Is Greg's second picture N. Twin or is it Peak Above the Nubble?


----------



## thetrailboss (May 18, 2006)

I'd say Osceola as well...just not the East Peak.  Not worth it unless peak bagging.  Incredible vista at the top.


----------



## MichaelJ (May 18, 2006)

MtnMagic said:
			
		

> YOne hike I keep thinking of that is 8.3 miles r.t., remote, seldom visited, with spectacular views is Roger's Ledge in the Kilkenny. After these days of rain, I'm certain it is muddy right now.



Even in the middle of a dry August, the Kilback Pond area of the Kilkenny was deep mud. However, it's possible to get to Rogers from South Pond or from the Hatchery without going through that area. The views are indeed, beautiful.


----------



## Greg (May 18, 2006)

MichaelJ said:
			
		

> Is Greg's second picture N. Twin or is it Peak Above the Nubble?


N. Twin on the right and the ridge leading to South Twin on the left. Here's a broader view:






Oh and while I'm at it, here's Hale from Middle Sugarloaf:


----------



## riverc0il (May 18, 2006)

thetrailboss said:
			
		

> I'd say Osceola as well...just not the East Peak.  Not worth it unless peak bagging.  Incredible vista at the top.


i really enjoy the entire osceola loop going counter clockwise through greeley ponds and up east osceola. i am not a peak bagger, but think this is a great loop. though probably not worth tagging east O if you are coming up from tripoli road for osceloa, though the chimney is interesting and there are some views through the trees to the north in the col.  obviously the dog wouldn't be doing the chimney, but the full loop is just under 8 miles as i recall but involves a short road walk if you park at greeley ponds trailhead.


----------



## Vortex (May 18, 2006)

I think that  hike is about 10 miles as I remember.  Could be wrong.  I  did it with Mike P over memorial day last year.  Was snow at the top of east. I started at Osceola Mike P started at Mt tecmseth(sp) I dropped him there. and he did West as well  and  then he road hiked to Osceola.  I left my car at Osceola. He left his at greeley ponds.  My portion was 7 hours.


----------



## Mike P. (May 19, 2006)

8-10 mile hikes not too rough:

Pierce & Jackson

Pierce & Ike (either need two cars or road walk a bit or out & back on C-Path

Garfield, not a loop but one of the best Views in the whites.
Hale up Hale Brook, down Lend-a hand & past hut, 1 mile road walk on Zealand Road, I've done this & the road walk after Edmands Path & Zealand is a nicer safer walk 

The whole Osceola loop or even hitting East requires you to go up & down the Chimney or use the bypass which is still not easy, Osceola is easy.

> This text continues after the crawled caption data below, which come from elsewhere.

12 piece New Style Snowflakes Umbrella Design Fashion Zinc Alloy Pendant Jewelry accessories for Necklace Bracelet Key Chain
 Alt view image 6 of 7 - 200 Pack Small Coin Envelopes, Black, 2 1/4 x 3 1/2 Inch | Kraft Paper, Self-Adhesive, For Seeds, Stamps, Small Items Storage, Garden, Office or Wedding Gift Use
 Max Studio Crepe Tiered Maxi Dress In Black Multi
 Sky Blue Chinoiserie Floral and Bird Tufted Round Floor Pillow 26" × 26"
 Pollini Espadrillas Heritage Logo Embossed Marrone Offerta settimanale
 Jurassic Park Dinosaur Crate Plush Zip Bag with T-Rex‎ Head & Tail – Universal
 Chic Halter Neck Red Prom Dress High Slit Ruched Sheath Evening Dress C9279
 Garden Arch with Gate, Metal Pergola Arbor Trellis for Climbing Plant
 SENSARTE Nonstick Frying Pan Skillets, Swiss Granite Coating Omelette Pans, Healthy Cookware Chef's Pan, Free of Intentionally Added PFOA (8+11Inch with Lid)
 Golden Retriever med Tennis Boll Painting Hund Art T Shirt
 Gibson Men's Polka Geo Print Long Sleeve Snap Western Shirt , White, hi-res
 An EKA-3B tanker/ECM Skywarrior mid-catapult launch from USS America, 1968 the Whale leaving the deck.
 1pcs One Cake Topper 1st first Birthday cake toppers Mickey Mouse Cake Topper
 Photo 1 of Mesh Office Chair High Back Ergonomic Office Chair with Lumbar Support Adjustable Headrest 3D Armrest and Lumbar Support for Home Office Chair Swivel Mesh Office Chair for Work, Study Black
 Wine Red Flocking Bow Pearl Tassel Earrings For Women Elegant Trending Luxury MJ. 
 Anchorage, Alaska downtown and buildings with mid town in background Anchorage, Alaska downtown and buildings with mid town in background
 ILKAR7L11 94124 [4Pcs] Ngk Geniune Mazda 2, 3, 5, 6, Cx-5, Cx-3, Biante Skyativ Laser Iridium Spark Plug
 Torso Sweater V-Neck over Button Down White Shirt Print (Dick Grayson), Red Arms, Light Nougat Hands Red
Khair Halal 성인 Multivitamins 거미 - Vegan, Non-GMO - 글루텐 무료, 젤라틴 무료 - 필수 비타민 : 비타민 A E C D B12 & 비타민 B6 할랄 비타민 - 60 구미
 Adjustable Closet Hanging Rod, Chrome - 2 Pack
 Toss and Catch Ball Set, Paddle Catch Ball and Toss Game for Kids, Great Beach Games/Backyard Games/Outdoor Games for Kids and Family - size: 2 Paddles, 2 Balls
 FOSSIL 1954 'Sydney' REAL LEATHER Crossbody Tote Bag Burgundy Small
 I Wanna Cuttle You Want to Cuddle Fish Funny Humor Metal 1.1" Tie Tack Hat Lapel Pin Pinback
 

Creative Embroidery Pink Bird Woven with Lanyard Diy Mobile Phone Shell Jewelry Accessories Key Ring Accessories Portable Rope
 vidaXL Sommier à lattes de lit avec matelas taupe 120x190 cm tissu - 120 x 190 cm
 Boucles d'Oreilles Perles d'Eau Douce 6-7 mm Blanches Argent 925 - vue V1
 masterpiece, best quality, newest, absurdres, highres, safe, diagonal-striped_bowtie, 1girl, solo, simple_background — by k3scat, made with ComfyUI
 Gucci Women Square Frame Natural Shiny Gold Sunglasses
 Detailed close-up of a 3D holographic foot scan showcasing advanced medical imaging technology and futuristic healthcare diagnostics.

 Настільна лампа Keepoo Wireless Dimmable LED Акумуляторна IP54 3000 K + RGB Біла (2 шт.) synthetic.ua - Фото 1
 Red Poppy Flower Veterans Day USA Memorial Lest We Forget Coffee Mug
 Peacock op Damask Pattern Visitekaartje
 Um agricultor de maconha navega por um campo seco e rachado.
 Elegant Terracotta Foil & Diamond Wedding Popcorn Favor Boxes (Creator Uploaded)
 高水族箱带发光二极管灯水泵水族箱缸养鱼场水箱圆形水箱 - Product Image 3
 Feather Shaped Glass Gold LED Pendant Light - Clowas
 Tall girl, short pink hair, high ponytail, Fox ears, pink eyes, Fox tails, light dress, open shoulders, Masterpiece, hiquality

Carrigain via Signal Ridge, do not use Desolation Trail if you want easy although it would be a loop.

While Flume & Liberty via Liberty Springs & F-Ridge (not Flume Slide) might not be difficult, there is some tougher terrain getting up & down Liberty heading towards Flume, not hard really but not just walking either

Moosilauke, I swear the DOC make the Freshman move the big rocks out of the way.  Beaver Brook is steep, nice loops from the DOC Lodge.


----------